Work required:
Using the records below, write out only the lines from the line containing "HFT手指气缸平行夹爪大口径宽阔型MHL2/HF T Y10/16/20/25/32气动" up to and including the line containing "transformez vos nuits", exactly, with no pictures.

Exercise data:
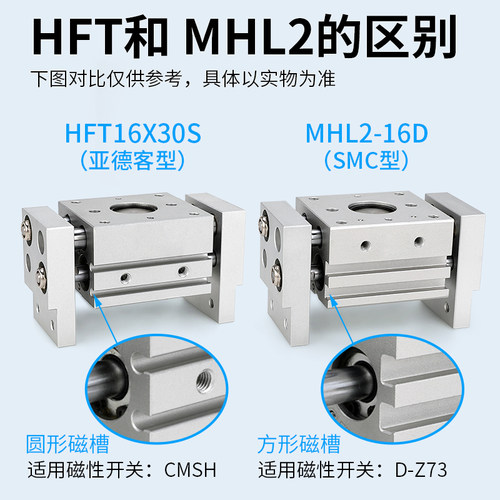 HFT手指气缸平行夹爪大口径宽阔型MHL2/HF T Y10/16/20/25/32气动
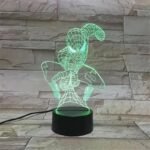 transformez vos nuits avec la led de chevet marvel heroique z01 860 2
==
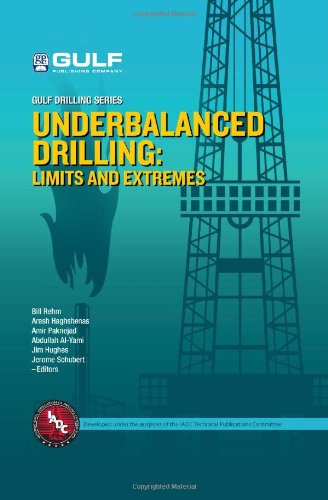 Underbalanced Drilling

Answer to the exercise:
 HFT手指气缸平行夹爪大口径宽阔型MHL2/HF T Y10/16/20/25/32气动
 transformez vos nuits avec la led de chevet marvel heroique z01 860 2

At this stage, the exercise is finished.